Metadata-Version: 2.4
Name: agent-strace
Version: 0.4.0
Summary: strace for AI agents. Capture and replay every tool call, LLM request, and decision point.
Project-URL: Homepage, https://github.com/Siddhant-K-code/agent-trace
Project-URL: Repository, https://github.com/Siddhant-K-code/agent-trace
Project-URL: Issues, https://github.com/Siddhant-K-code/agent-trace/issues
Project-URL: Documentation, https://github.com/Siddhant-K-code/agent-trace#readme
Author-email: Siddhant Khare <siddhantkhare2694@gmail.com>
License-Expression: MIT
License-File: LICENSE
Keywords: agents,ai,llm,mcp,observability,tool-calls,tracing
Classifier: Development Status :: 3 - Alpha
Classifier: Intended Audience :: Developers
Classifier: License :: OSI Approved :: MIT License
Classifier: Programming Language :: Python :: 3
Classifier: Programming Language :: Python :: 3.10
Classifier: Programming Language :: Python :: 3.11
Classifier: Programming Language :: Python :: 3.12
Classifier: Programming Language :: Python :: 3.13
Classifier: Topic :: Software Development :: Debuggers
Classifier: Topic :: System :: Monitoring
Requires-Python: >=3.10
Description-Content-Type: text/markdown

# agent-trace

`strace` for AI agents. Capture and replay every tool call, prompt, and response from Claude Code, Cursor, or any MCP client.

## Why

A coding agent rewrites 20 files in a background session. You get a pull request. You do not get the story. Which files did it read first? Why did it call the same tool three times? What failed before it found the fix?

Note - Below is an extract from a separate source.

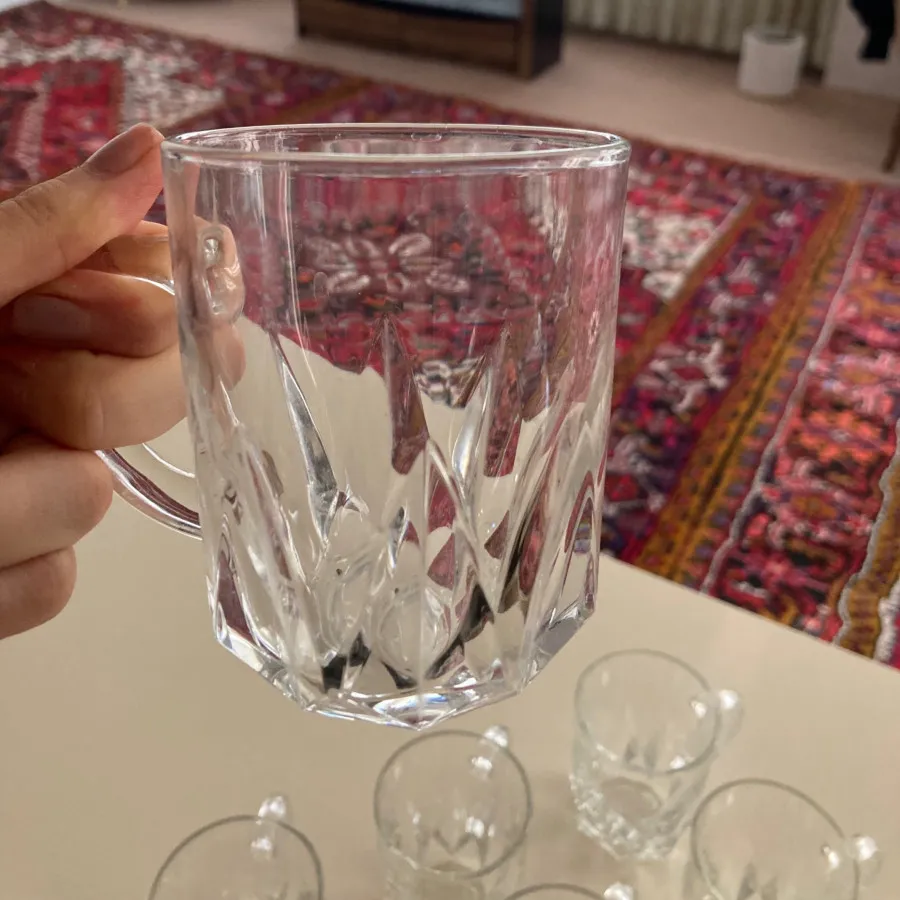 لیوان دسته دار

Most tools trace LLM calls. That is one layer. The gap is everything around it: tool calls, file operations, decision points, error recovery, the actual commands the agent ran. `agent-strace` captures the full session and lets you replay it later. Export to Datadog, Honeycomb, New Relic, or Splunk when you need production observability.

## Install

```bash
# With uv (recommended)
uv tool install agent-strace

# Or with pip
pip install agent-strace

# Or run without installing
uvx agent-strace replay
```

**Zero dependencies.** Python 3.10+ standard library only.

## Quick start

### Option 1: Claude Code hooks (full session capture)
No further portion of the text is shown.